In an invited comment on the recent Barbados sentencing, Attorney-at-law Nigel Hughes pointed out that the fact that the defendants were charged indictably was an indication of how serious the authorities were about the offence. He said in Guyana the police try people summarily on narcotics cases and these have a maximum penalty of five years. However, he said he could recall that there had been at least two cases where persons were charged indictably in connection with cocaine. One case had seen the Royal Canadian Mounted Police (RCMP) assisting in the investigation and one person had received a life sentence but the decision was later overturned and this apparently frustrated the DPP who withdrew the matter against the other defendants — about eight in number. Hughes said he could vaguely remember another case where the defendant was charged indictably.


‘There are problems’

On the issue of why most of the charges are laid summarily, one legal source posited that the police are sometimes afraid of the jury in such cases.

However, Crime Chief Seelall Persaud said that decision, whether to charge indictably or summarily, is taken by the DPP. And he said there are problems with charging persons with narcotics in the High Court.

“But there are problems.
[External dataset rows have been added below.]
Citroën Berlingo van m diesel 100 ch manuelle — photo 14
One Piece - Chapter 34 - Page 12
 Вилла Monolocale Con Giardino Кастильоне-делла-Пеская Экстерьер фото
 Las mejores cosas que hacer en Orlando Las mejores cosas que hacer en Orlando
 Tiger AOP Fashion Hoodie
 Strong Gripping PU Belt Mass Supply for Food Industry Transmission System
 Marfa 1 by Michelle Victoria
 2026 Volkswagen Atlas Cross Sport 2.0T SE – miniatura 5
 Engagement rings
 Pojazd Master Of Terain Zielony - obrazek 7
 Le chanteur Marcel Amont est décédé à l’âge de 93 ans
One has to do with time; one has to do with tampering with witnesses, tampering with jury… the High Court is congested… it takes a longer time to get them tried. We have one there since, I think, in the 1990s or early 2000 and something; an airport matter with a former rugby player. He was charged with having 69 kilos or something at the airport. He has been before the court for almost ten years and hasn’t come up for trial. [He is] out on bail,” Seelall told Stabroek News.

Meanwhile, when asked whether Guyana had been involved in anyway in the investigation of the matter in Barbados Seelall had this to say: “I can’t say at this point if Guyana participated in that investigation. I know the Narcotics Branch has worked with several countries and the support they provide sometimes is small; sometimes it’s bigger.”

Seelall, who has worked in narcotics for a significant portion of his career, said he was not at headquarters when the investigation was conducted and “I have not checked whether we did or did not.”

Security observers say that once the six drug convicts were apprehended in Barbados, Guyana should have been able to immediately pick up the trail here and crack down on others in the network. There is no evidence that this occurred.